What Does Christ Have To Do with Muhammad?

A number of conservative and Christian outlets (such as this one) are very concerned that a prominent Church of Sweden theologian claims that “Christians can view Muhammad as a prophet.” Jakob Wirén, in To Make Room for the Other?, advises Christians to view the founder of Islam as analogous to an Old Testament prophet. (I cannot find any information about this book other than second-hand; and all the links in the afore-cited article go to Swedish sources. However, Wirén’s 2017 book Hope and Otherness: Christian Eschatology and Interreligious Hospitality seems to cover the same topic. Perhaps his new one is a more popular version this work.) Wirén is a systematic theologian at Lund University and an advisor to the Archbishop of Uppsala.
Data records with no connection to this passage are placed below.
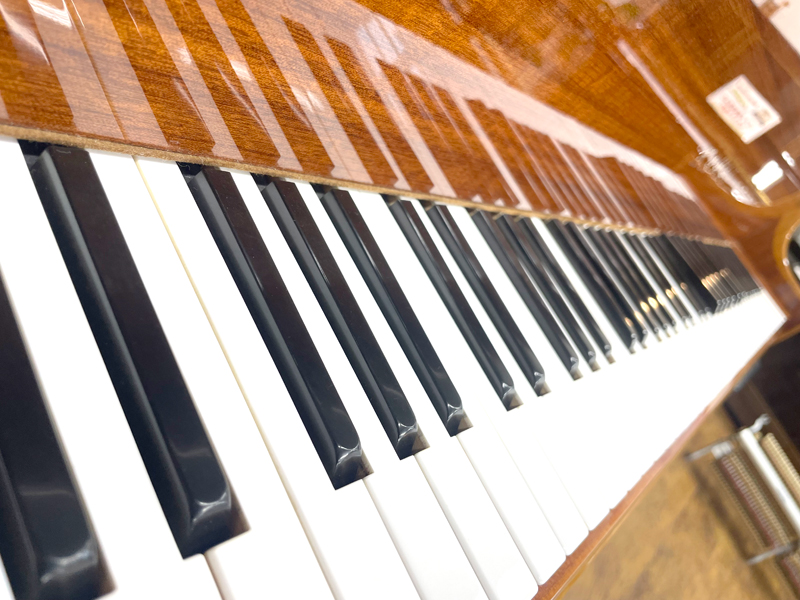 KAWAI　カワイ　KL704 名古屋のピアノ専門店　親和楽器
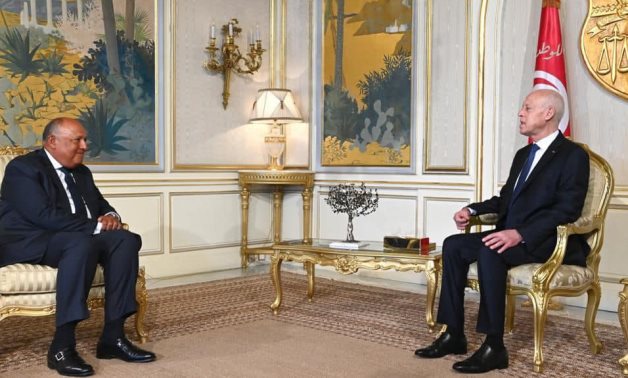 Le FM égyptien Shoukry transmet un message du président Sissi au tunisien Kais Saied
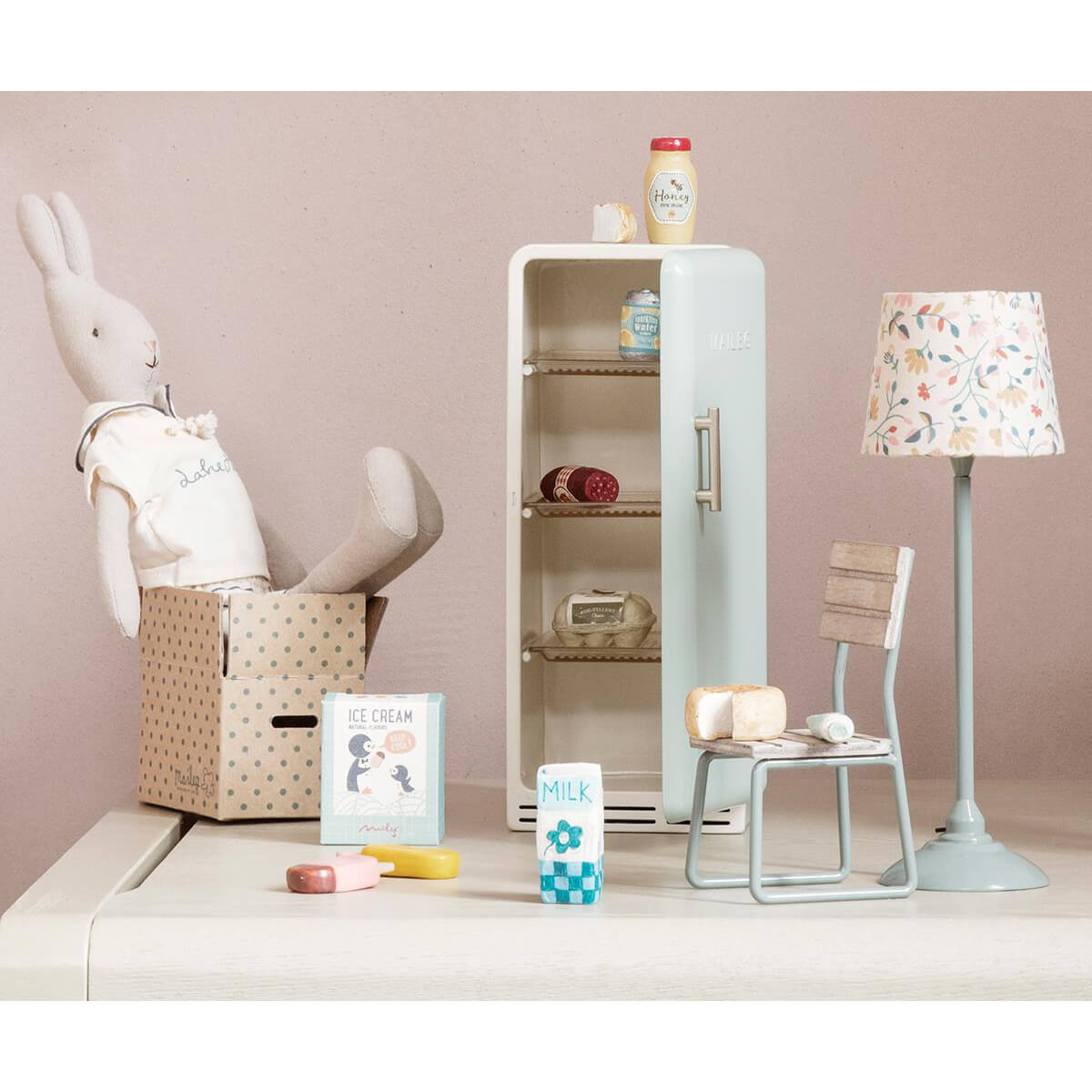 Food Grocery Box by Maileg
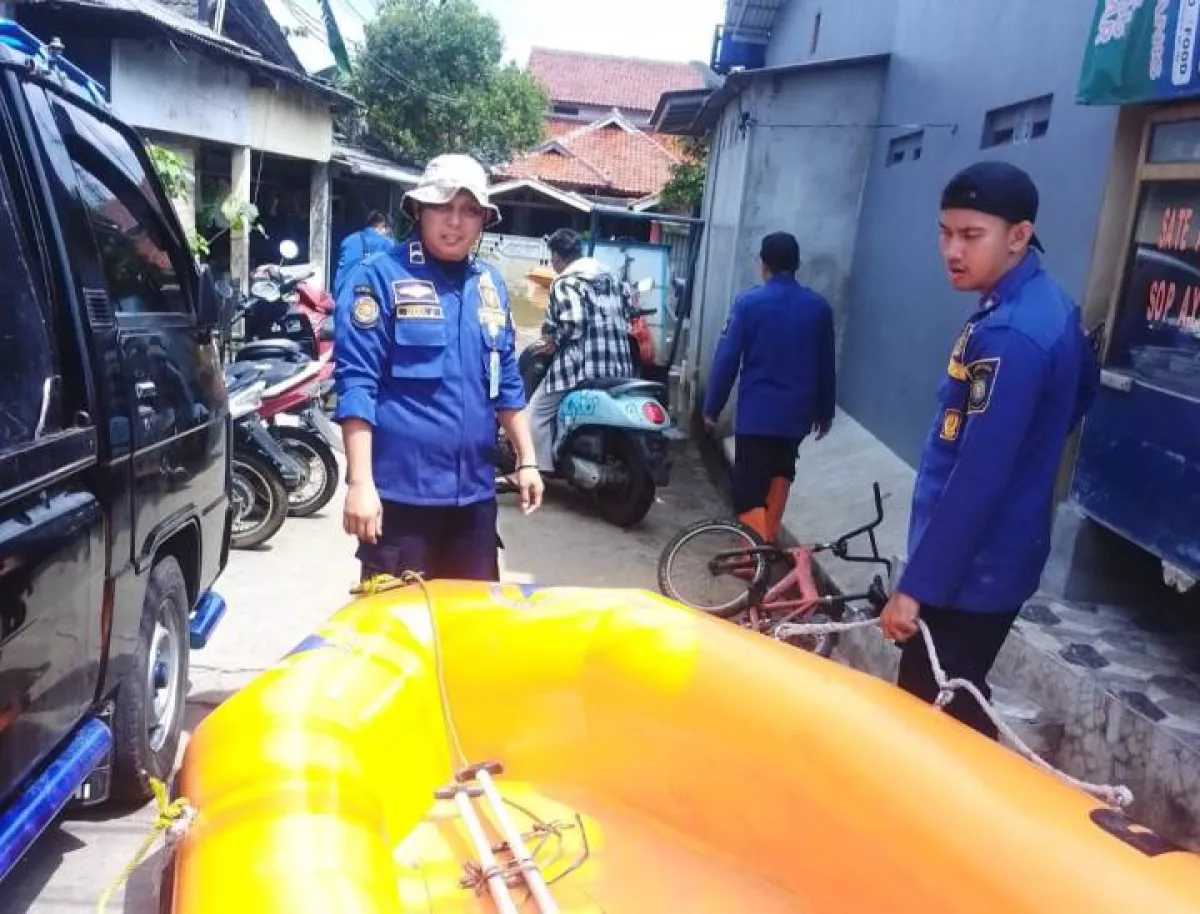 Kali Angke Tangerang Meluap, Puluhan Warga Petir Tangerang Mengungsi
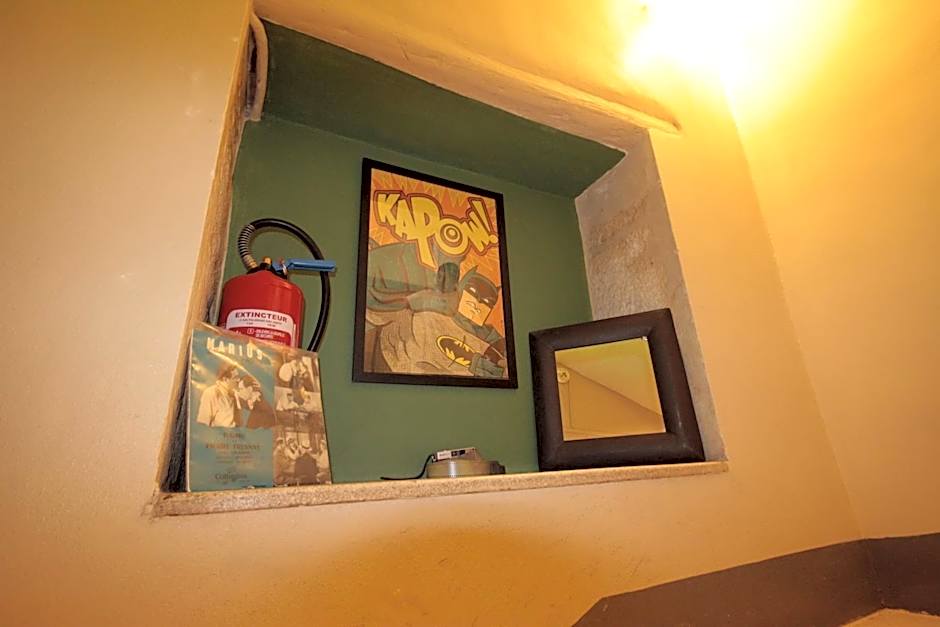 Hôtel Des Arts, Artisanal et Indépendant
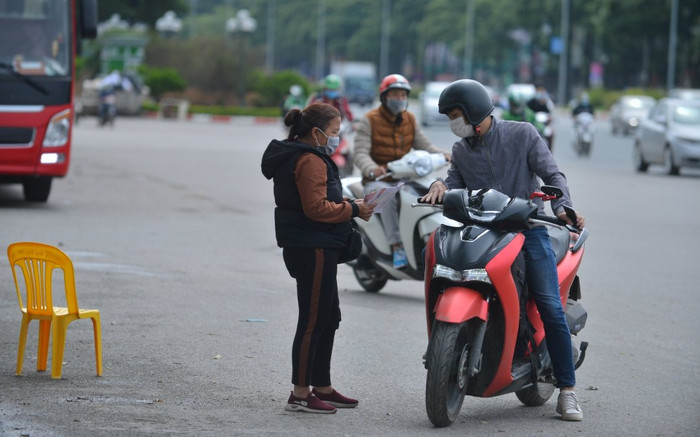 Phe vé trận Việt Nam vs Nhật Bản 'méo mặt', giảm giá kịch sàn vẫn ế khách Ảnh 2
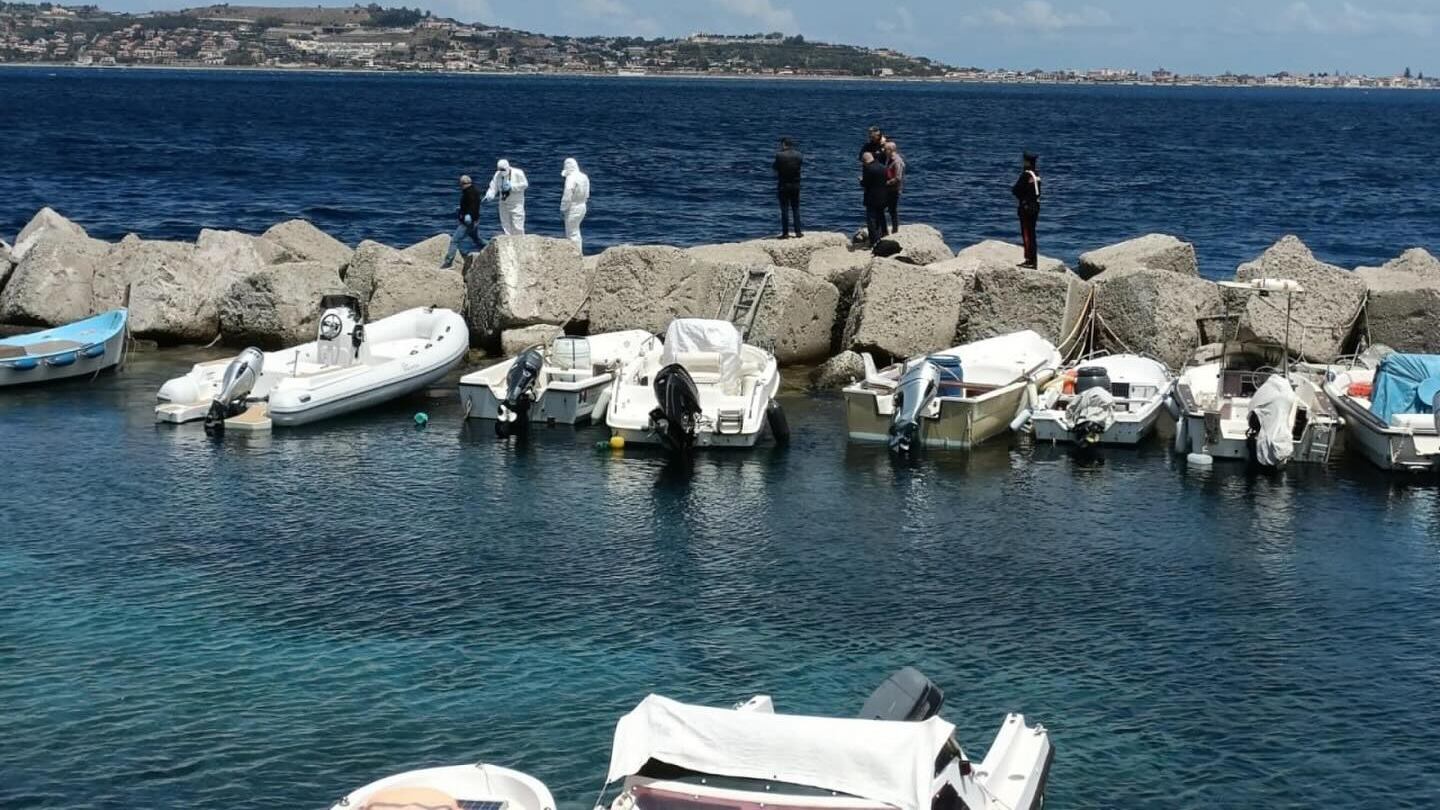 Corpo senza vita di una neonata trovato sugli scogli a Villa San Giovanni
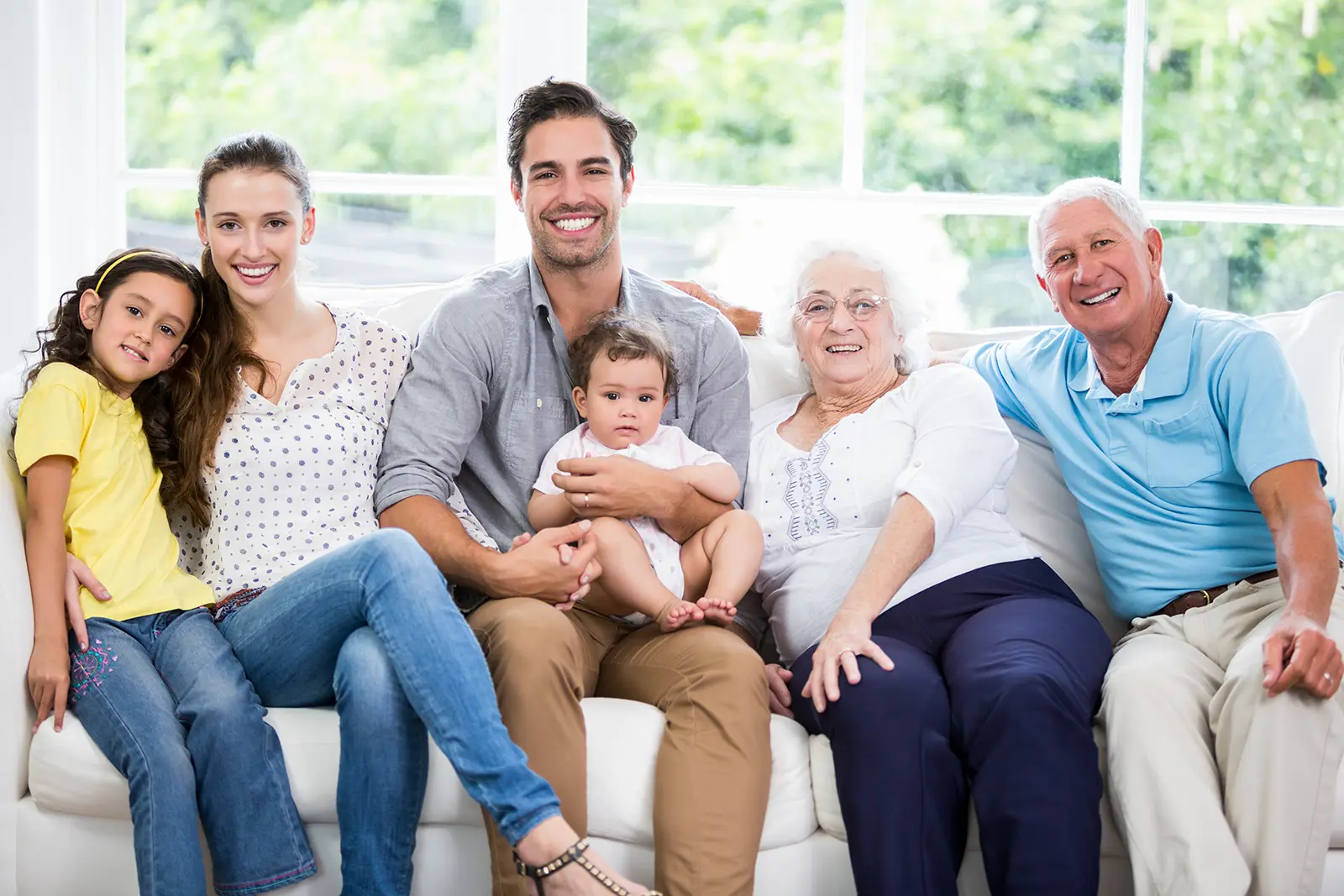 Cristian Di Bella - Versicherungsberatung - Drei Generationen einer Familie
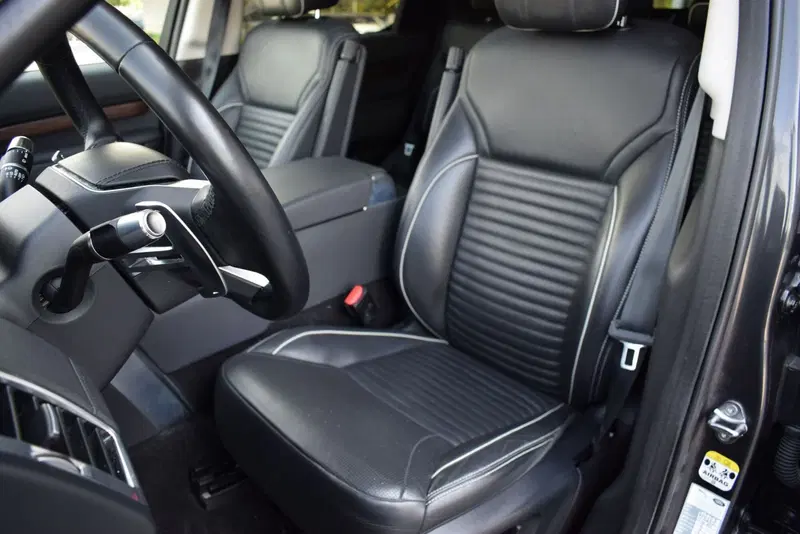 Land Rover Discovery usata a Cuneo (16)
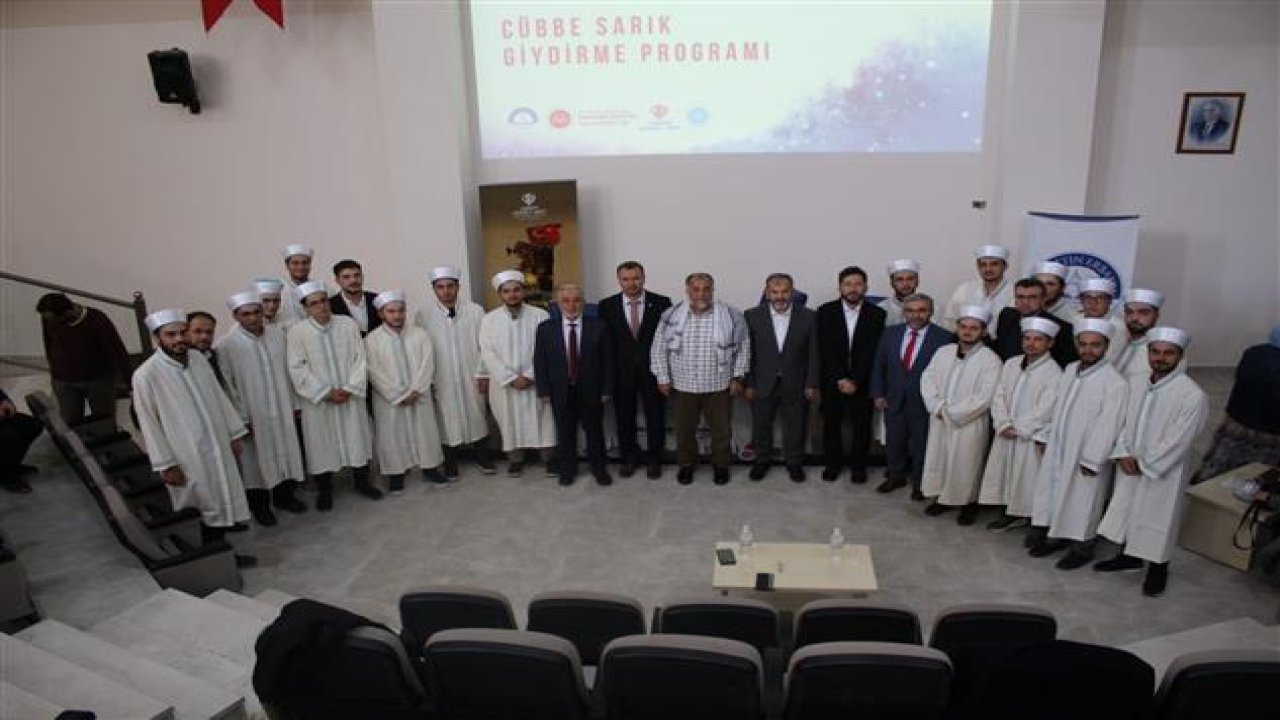 Konya’da manevi bir yolculuk: “Çınarların Yolunda” ilk seminer yapıldı!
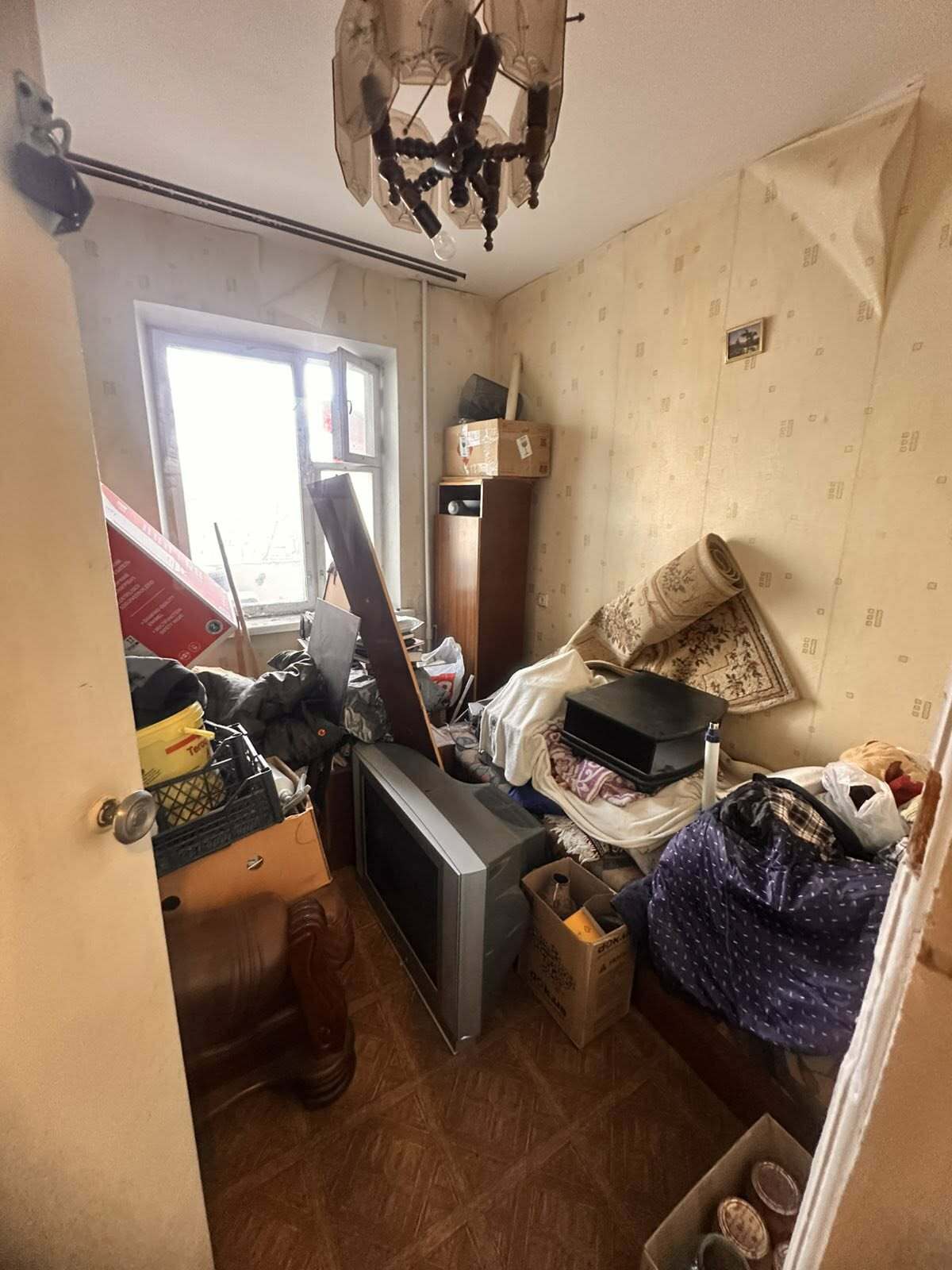 Продаж 4-кімнатної квартири 77 м², Новопрорізна вул.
First, the Lutheran Church of Sweden is (in)famous for its extreme theological liberalism. It not only ordains women, but blesses homosexual “marriages” and ordains practicing homosexuals. That might have something to do with its membership going from 95% of Sweden’s population in 1972 to 56% in 2019–and many of those are not even practicing, or believing, Christians.

Second, this attempt to mainstream Muhammad into Christianity goes back many years, and is not new with Swedish apostates. The French Catholic scholar of Islam, Louis Massignon (d. 1962), was perhaps the 20th century’s leading proponent of such. His ideas greatly influenced the Vatican II documents such as Lumen Gentium and Nostra Aetate which, among other things, declared that Islam was a fellow “Abrahamic faith” and that it contained genuine, if imperfect, revelation from God. In more recent years Catholic theologian Hans Küng has argued that “if we acknowledge Muhammad as a post-Christian prophet, then to be consistent we shall also have to admit…that…his message is not simply Muhammad’s word, but God’s word” (Christianity and the World Religions, 1986, p. 31). He also contends that “perhaps…it is only dogmatic prejudice when we recognize Amos and Hosea, Isaiah and Jeremiah, as prophets, but not Muhammad” (p. 26).

Muhammad (on camel) and Jesus (on donkey), from Muslim World Today.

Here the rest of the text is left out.